*Material to process*:
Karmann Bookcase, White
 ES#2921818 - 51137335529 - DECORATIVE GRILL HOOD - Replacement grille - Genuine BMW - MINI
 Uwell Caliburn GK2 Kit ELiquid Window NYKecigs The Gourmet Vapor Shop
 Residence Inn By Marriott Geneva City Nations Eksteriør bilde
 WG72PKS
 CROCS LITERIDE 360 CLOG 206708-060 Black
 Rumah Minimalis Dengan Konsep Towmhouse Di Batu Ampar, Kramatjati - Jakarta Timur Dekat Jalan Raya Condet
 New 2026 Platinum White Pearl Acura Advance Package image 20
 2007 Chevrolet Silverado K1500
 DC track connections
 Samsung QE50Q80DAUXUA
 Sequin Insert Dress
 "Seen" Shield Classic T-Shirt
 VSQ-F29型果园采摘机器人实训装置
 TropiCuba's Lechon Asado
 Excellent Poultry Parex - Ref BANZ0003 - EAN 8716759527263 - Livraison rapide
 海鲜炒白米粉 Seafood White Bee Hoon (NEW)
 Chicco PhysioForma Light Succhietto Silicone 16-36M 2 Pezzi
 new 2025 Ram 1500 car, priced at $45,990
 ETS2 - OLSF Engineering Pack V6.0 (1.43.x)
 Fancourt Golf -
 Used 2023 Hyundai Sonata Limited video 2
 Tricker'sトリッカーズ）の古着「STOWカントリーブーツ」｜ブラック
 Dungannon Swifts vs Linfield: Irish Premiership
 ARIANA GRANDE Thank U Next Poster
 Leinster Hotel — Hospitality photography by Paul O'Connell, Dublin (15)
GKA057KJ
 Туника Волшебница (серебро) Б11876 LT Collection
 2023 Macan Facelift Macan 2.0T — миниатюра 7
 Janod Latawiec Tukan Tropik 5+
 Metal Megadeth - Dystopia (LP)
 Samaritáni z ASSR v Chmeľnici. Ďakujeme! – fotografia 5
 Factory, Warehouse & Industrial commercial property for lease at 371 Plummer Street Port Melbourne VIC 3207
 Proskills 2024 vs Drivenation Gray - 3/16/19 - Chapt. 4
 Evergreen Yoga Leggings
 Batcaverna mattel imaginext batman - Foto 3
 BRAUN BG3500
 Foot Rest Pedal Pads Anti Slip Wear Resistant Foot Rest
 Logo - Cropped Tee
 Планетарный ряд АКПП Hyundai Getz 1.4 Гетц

*Problem details*:
All the records shown above need to be given again exactly.

*Solution to this exercise*:
Karmann Bookcase, White
 ES#2921818 - 51137335529 - DECORATIVE GRILL HOOD - Replacement grille - Genuine BMW - MINI
 Uwell Caliburn GK2 Kit ELiquid Window NYKecigs The Gourmet Vapor Shop
 Residence Inn By Marriott Geneva City Nations Eksteriør bilde
 WG72PKS
 CROCS LITERIDE 360 CLOG 206708-060 Black
 Rumah Minimalis Dengan Konsep Towmhouse Di Batu Ampar, Kramatjati - Jakarta Timur Dekat Jalan Raya Condet
 New 2026 Platinum White Pearl Acura Advance Package image 20
 2007 Chevrolet Silverado K1500
 DC track connections
 Samsung QE50Q80DAUXUA
 Sequin Insert Dress
 "Seen" Shield Classic T-Shirt
 VSQ-F29型果园采摘机器人实训装置
 TropiCuba's Lechon Asado
 Excellent Poultry Parex - Ref BANZ0003 - EAN 8716759527263 - Livraison rapide
 海鲜炒白米粉 Seafood White Bee Hoon (NEW)
 Chicco PhysioForma Light Succhietto Silicone 16-36M 2 Pezzi
 new 2025 Ram 1500 car, priced at $45,990
 ETS2 - OLSF Engineering Pack V6.0 (1.43.x)
 Fancourt Golf -
 Used 2023 Hyundai Sonata Limited video 2
 Tricker'sトリッカーズ）の古着「STOWカントリーブーツ」｜ブラック
 Dungannon Swifts vs Linfield: Irish Premiership
 ARIANA GRANDE Thank U Next Poster
 Leinster Hotel — Hospitality photography by Paul O'Connell, Dublin (15)
GKA057KJ
 Туника Волшебница (серебро) Б11876 LT Collection
 2023 Macan Facelift Macan 2.0T — миниатюра 7
 Janod Latawiec Tukan Tropik 5+
 Metal Megadeth - Dystopia (LP)
 Samaritáni z ASSR v Chmeľnici. Ďakujeme! – fotografia 5
 Factory, Warehouse & Industrial commercial property for lease at 371 Plummer Street Port Melbourne VIC 3207
 Proskills 2024 vs Drivenation Gray - 3/16/19 - Chapt. 4
 Evergreen Yoga Leggings
 Batcaverna mattel imaginext batman - Foto 3
 BRAUN BG3500
 Foot Rest Pedal Pads Anti Slip Wear Resistant Foot Rest
 Logo - Cropped Tee
 Планетарный ряд АКПП Hyundai Getz 1.4 Гетц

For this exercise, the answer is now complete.